Data for this task:
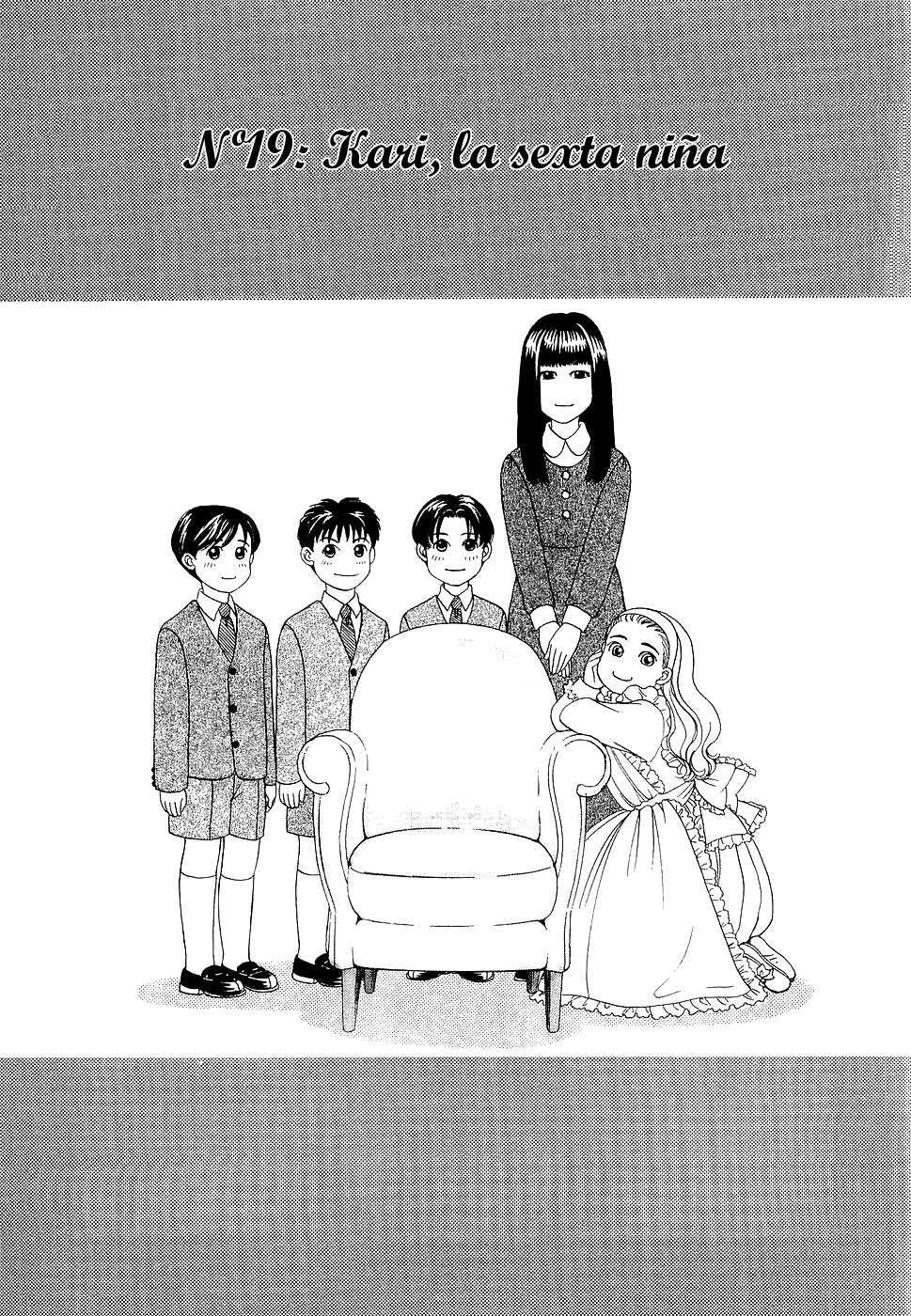 Capitulo 19 page 1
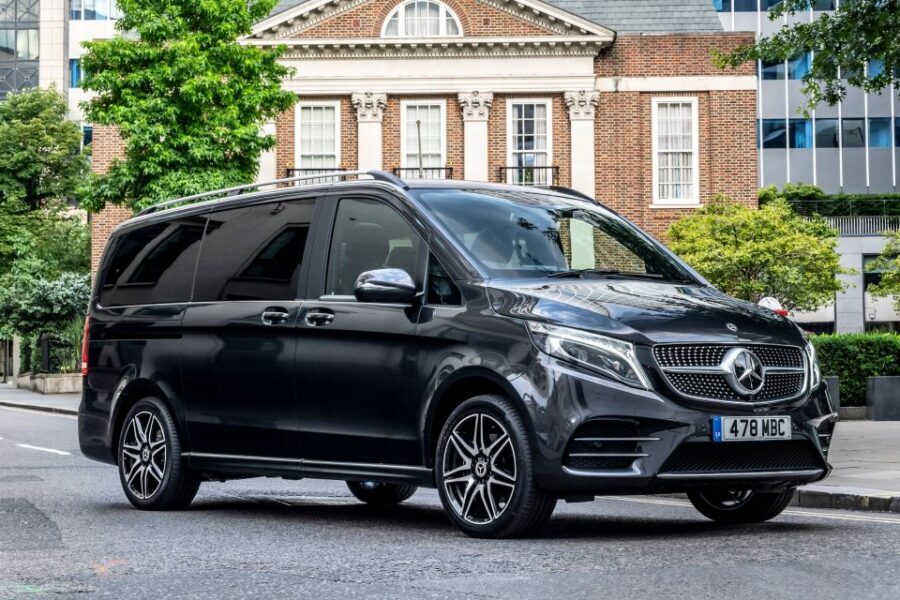 Full-Day Private Trip from Vienna to Prague - One Day, Two Cities: How the Vienna-to-Prague Timing Really Feels
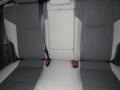 Super White - RAV4 XLE AWD Photo No. 20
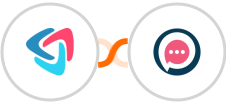 Flowster + SMSala Integration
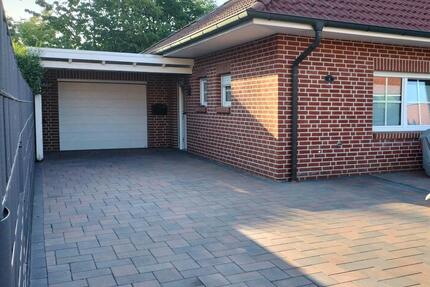 Haus Freren - 6 Zimmer, 160 m&sup2;, 485.000&euro; | Angebot:25249772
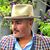 J Josue Montes's profile image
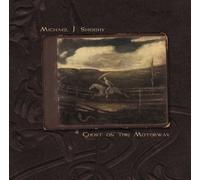 Michael J. Sheehy - Ghost on The Motorway [Import]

Your objective:
What you return must match the records exactly, apart from the images, which are omitted.

Task solution:
 Capitulo 19 page 1
 Full-Day Private Trip from Vienna to Prague - One Day, Two Cities: How the Vienna-to-Prague Timing Really Feels
 Super White - RAV4 XLE AWD Photo No. 20
 Flowster + SMSala Integration
 Haus Freren - 6 Zimmer, 160 m&sup2;, 485.000&euro; | Angebot:25249772
 J Josue Montes's profile image
 Michael J. Sheehy - Ghost on The Motorway [Import]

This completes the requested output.